DoneDeal.ie
- Website type: Classifieds website
- Founded: May 11, 2005; 21 years ago
- Founders: Fred Karlsson; Geraldine Karlsson;
- Website: www.donedeal.ie
- Advertising: Yes
- Registration: Optional
- Launched: June 2006; 20 years ago

= DoneDeal =

Irish online marketplace

DoneDeal Cars is an Irish online marketplace focused on helping buyers and sellers of cars in Ireland. It is Ireland's No. 1 Car Marketplace, with more cars for sale from car dealerships than any other site.

The site was founded in May 2005 by Fred Karlsson, a native of Sweden, and his Irish wife Geraldine.

== History ==
The founders were inspired to set up the site after returning to Ireland from Sweden where they had used similar websites. Initially, the ads included their own belongings before real users started placing ads.

By late 2008, DoneDeal was experiencing a notable growth in visitor figures – monthly visitors to the site had jumped from 175,000 per month in November 2007 to 561,000 in November 2008. The site became so popular in Ireland that €1bn worth of goods were sold through the site in 2011, a €300m increase from 2010. Following an independent ABC audit in 2011, it was found that DoneDeal had the most visited motoring classifieds website in Ireland. By late 2011 "DoneDeal" had become the fastest growing search term in Ireland for 2011 according to Google. In 2016, there were over almost 1 million ads placed in the motor section of DoneDeal.

==Business model==

While the site was originally free to use, a €3 charge was introduced after about a year. The site featured a system where people could place ads and pay by calling a special number which would bill to their phone, as well as credit or debit card and PayPal account. In 2012, the DoneDeal pricing model changed – with some ads reduced to €1 and others increased to €5. In 2015, free ads were re-introduced in the Clothes and Lifestyle, Baby & Kids, Music & Education, Sports & Hobbies and House & DIY sections with the remaining sections incurring a charge of between €1 and €5.

In 2011, Oslo international media group Schibsted Media Group took a 50.09% stake in the company. In July 2015, the Irish-owned Distilled Media Group and the Schibsted Media Group announced the establishment of a combined business, Distilled SCH, which brings together the three iconic Irish brands: DoneDeal.ie, Daft.ie and Adverts.ie.

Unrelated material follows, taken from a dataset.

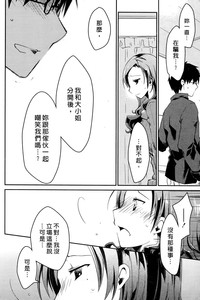 第52页图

Apps have played a part in the accessibility of DoneDeal with an iPhone app launched in 2011, followed by an Android app in 2012. DoneDeal ventured into television advertising for the first time in 2012 with a popular and amusing ad featuring a woman who sells her husband on DoneDeal.

Since 2010, DoneDeal raised €1.3million for charity by donating a portion of ad revenue to causes selected by its staff. The company is ABC audited and is a member of the Interactive Advertising Bureau in Ireland.